Иконопись носит и образовательный характер, даже немного иллюстративный характер.
– Но ведь для этого подходит и западноевропейская религиозная живопись, почему именно икона?
– На мой взгляд, не подходит. Все-таки опять ключевой здесь – язык церковной живописи. Даже если мы возьмем церковное пение, оно тоже бывает разным. Вот спокойный византийский распев – помогает молитве. Это очень важный момент – язык византийской церковной живописи помогает молитве, настраивает на нее, а реалистичная живопись, наоборот, уводит.
– Не раз встречала мнение простых прихожан, что вот, реалистические росписи XIX века – это благолепно и молитвенно, а то, что написано в византийской традиции – нет.
– Я не знаю, как с этим быть. Наша семья – моя жена, дети – окормляемся в монастыре. Но на большие праздники – на Рождество и на Пасху – мы, из-за того, что дети маленькие и им тяжело всю ночь провести на богослужении, ездим в один из местных храмов, где литургия начинается в 5 утра. Так вот – росписи и иконы там – просто чудовищны, иначе, как словом «халтура», их не назовешь. И мне всегда в этом храме очень тяжело. Я пытаюсь прятать глаза как-то. При этом в храме замечательный священник, хорошие люди, и они нормально воспринимают эту церковную живопись.

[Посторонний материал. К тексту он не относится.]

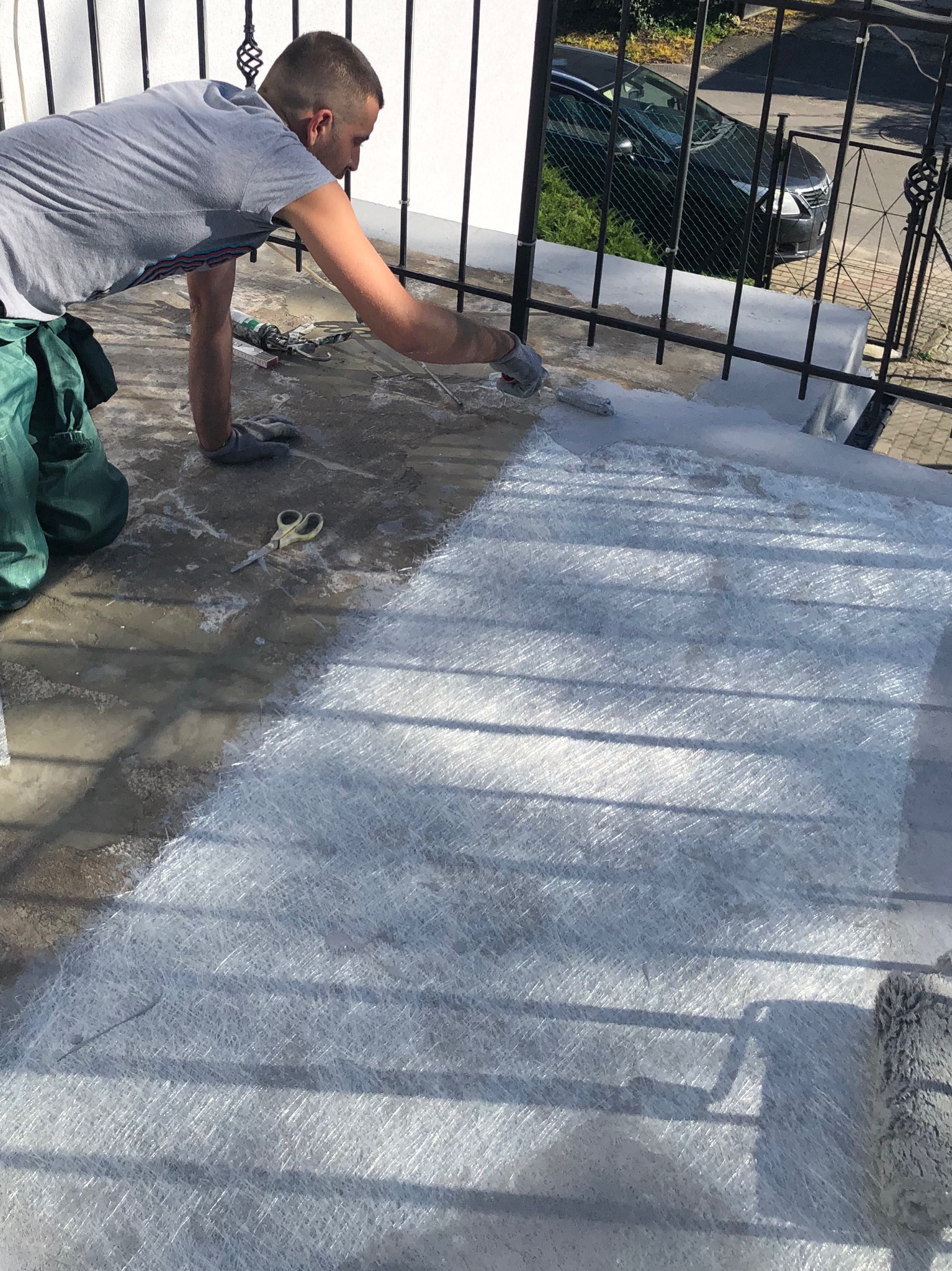 Pracownik w szarych rękawicach nakłada żywicę na włókno szklane na balkonie, widoczne nożyczki, wałek malarski i zielone spodnie robocze.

Такая очевидная иллюстративность, грубый, графичный стиль здесь, в Сербии, встречается очень часто. Как с этим быть, что с этим делать, я не знаю.
В России тоже бывают грустные примеры. Помню, приехал в один известный монастырь и то, что я там увидел, меня удручило. Не учтены даже какие-то элементарные вещи, например, композиционные. В одном изображении святые скомпонованы так, что у них обрезаны ноги до колена. Это против любого представления о композиции. Плюс – жуткие зеленые цвета, нагромождение вульгарных позолот.
В Москве много храмов, которые никогда не закрывались. Там, с одной стороны, довольно старые иконы. С другой стороны, по стилю написания они поздние, XIX – начала XX века, то есть элементы реализма, уход от богословской глубины – явно не высокие образцы иконописания.
Тем не менее, в этих храмах – литургическая жизнь, сплоченные общины, церкви эти, что называется, намолены.
Из этого, наверное, следует сделать вывод, что, конечно, иконопись – это важная часть церковной жизни, но не главная. Главное – сама церковная жизнь.
Если кто-то – настоятель, прихожане – не понимают в силу разных обстоятельств иконописный язык, это не самая большая проблема и уж точно никакая не трагедия.